Tens of thousands of progressives representing more than 400 diffrerent interest groups, from American Auto Workers (AAW) to the National Educators Association. from truck and cab drivers to clergy and politicians, from infants to senior citizens, handicapped people to athletes, deaf to mezzo soprano, Green Party and socialist to Libertarian--all came together to voice a new dream with frequent references back to the immortal precedent set by the Reverend Martin Luther King Jr. in his speech on the day of the March on Washington in 1963, also held at the Lincoln Memorial.
The Pledge of Allegiance, Star-Spangled Banner, My Country, "Tis of Thee, and other patriotic backdrop added to both the anxiety of patriotism, and bewilderment and anger that basic human rights are being treated as exclusivist privileges.
A parable formed from the biblical legend of Noah was the structure of long-time activist Marion Wright Edelman's speech, close to the middle of the 4-hour rally: if such diversity could exist at such close quarters in Noah's ark for forty days and nights, why can't we share this country so equitably, all of us stuck in this boat of the United States together, a floundering ship at sea?
How could Glenn Beck have used this same venue a month ago, drawing parallels between the ideals of MLK and those of the Tea Party constituency?

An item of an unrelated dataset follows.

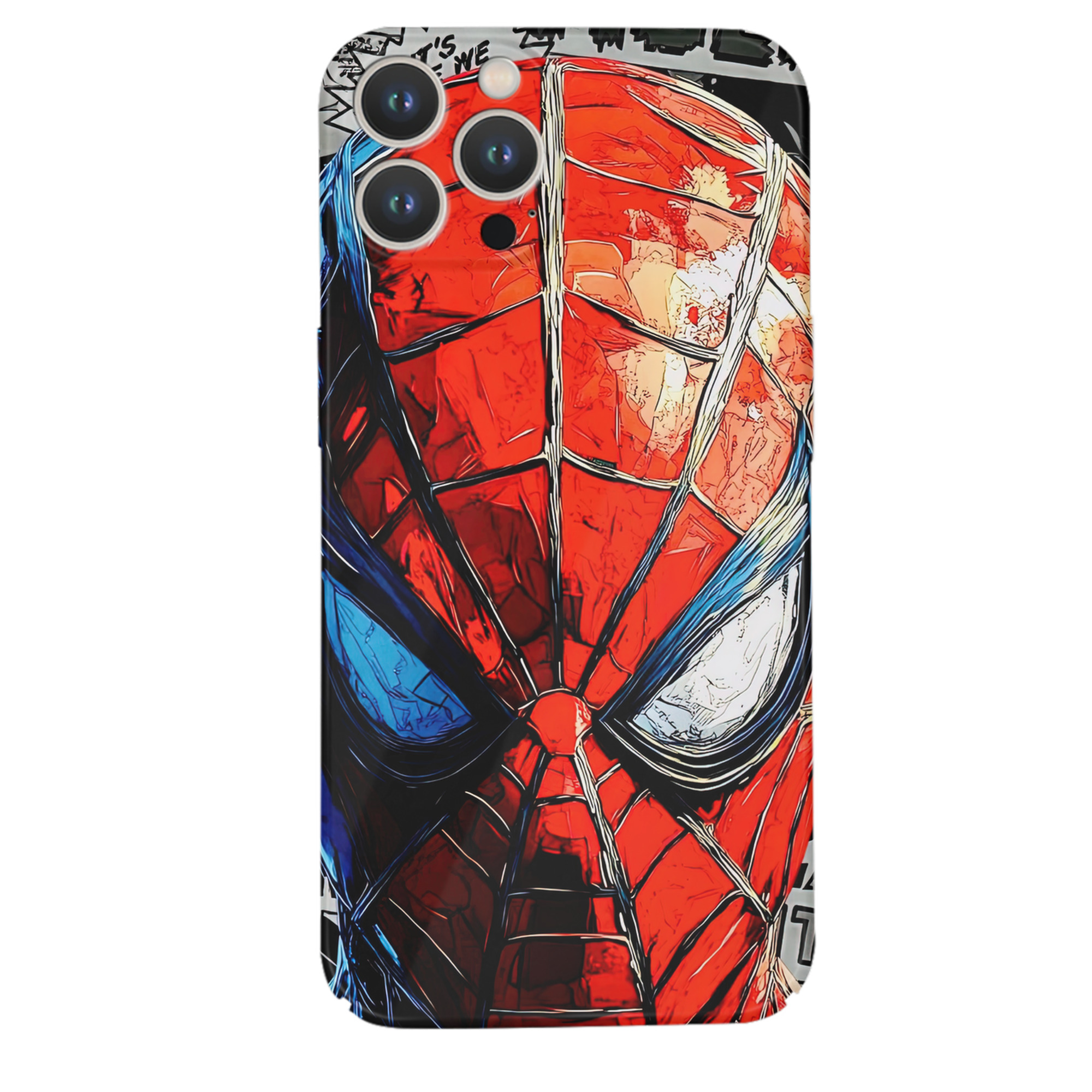 （画像用） Spider Man スパイダーマン 【iPhone 14シリーズ対応】ハードケース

MLK belongs to all of us, but . . .
Wonderful old and new music punctuated the silence between speeches at the October 2 rally. An exquisite mezzo soprano sang The Star Spangled Banner. The most popular patriotic motifs seemed to be the Pledge of Allegiance and My Country, T'is of Thee.
The first sentence of the Preamble to the U.S. Constitution would have been my suggestion as a radial theme--actually just one particular clause: TO PROMOTE THE GENERAL WELFARE.

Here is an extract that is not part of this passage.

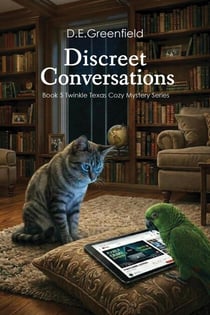 Discreet Conversations - Twinkle Texas Cozy Mystery Series, #5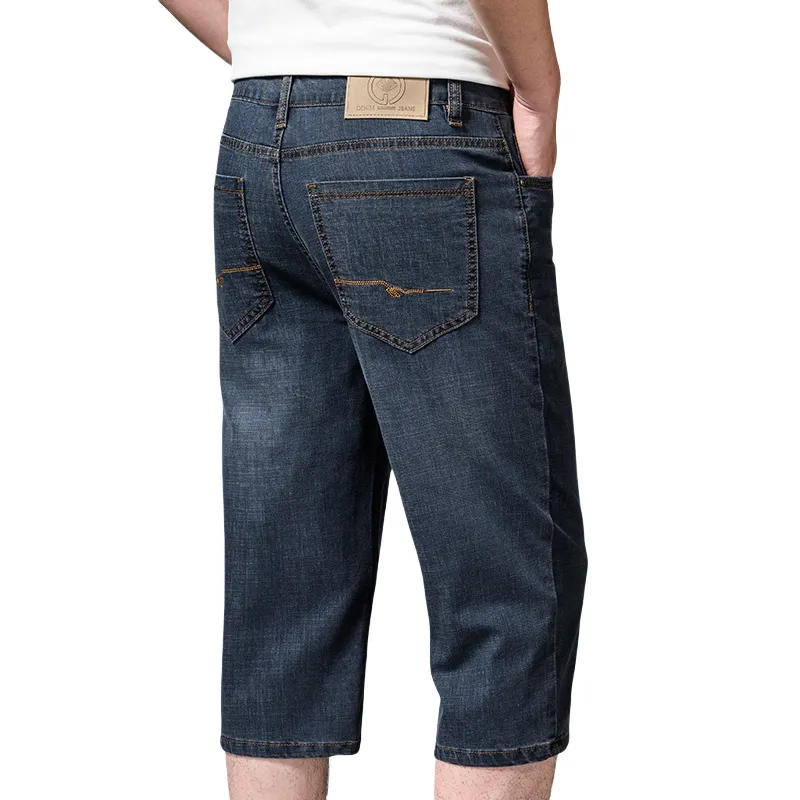FIRS Denim Shorts Men-3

How can any group outside of those who attended today's rally possibly claim to "promote the general welfare"?
Liberty, justice, and freedom were the abstracts the crowd expressed longing for; most specific were the crying need for jobs and education--rights, not privileges, far more important to add to the Bill of Rights than any restrictive definitions of marriage.
Beyond that, an entire spectrum of violated human rights was exemplified and discussed; also an entire spectrum of interests--and how our country's motto e pluribus unum (a Latin phrase that originally referred to a tossed salad), "out of many things, one," so aptly described the many plights brought together to merge into a "sermon to the choir"--our dreams cohere with the founding principles of this country and with each other--these dreams denied undermine the foundation of our Enlightenment origins.
And most sadly, statistics indicate that Congress will turn redder after the November midterm election, a common pattern but, in our case, most distressing given all of the crucial progressive-leaning changes accomplished by the Obama administration in the preceding two years.
With so much remaining to be done, how can these beginnings be effaced back to square one, or into the negatives?
I have received the directive what to do, which was not the focus of today's rally, though mentioned more than once, beneath an achingly blue sky, dazzling midday sunshine, and mild temperature. I was told by the DNC to make calls to ensure that all citizens get out as many votes as they can--the target undecided voters most generally. Certainly we should all do this--our votes are crucial and we are still the overwhelming majority. Tea Partiers comprise less than half of the Republican Party, the rest of whom are deeply alarmed by the directions they advocate.
The mood of the rally was more a collage of what we must have versus the persistent reality that denies this. What we should do, besides energize each other, is never to lose the dream nor let others take it away. We must never stop fighting. We must demand and never cease to demand, that our tax money be spent on our needs at home on Main Street--we the vast majority, despite the statistics of attendees this month versus the Glenn Beck parody, which assign higher numbers to the prior event.
The diversity among our numbers certainly trumps actual numbers--they had more to prove and, as the Washington Post observed, more star power than Ed Schultz, Al Sharpton, and Jesse Jackson: Glenn Beck and Sarah Palin?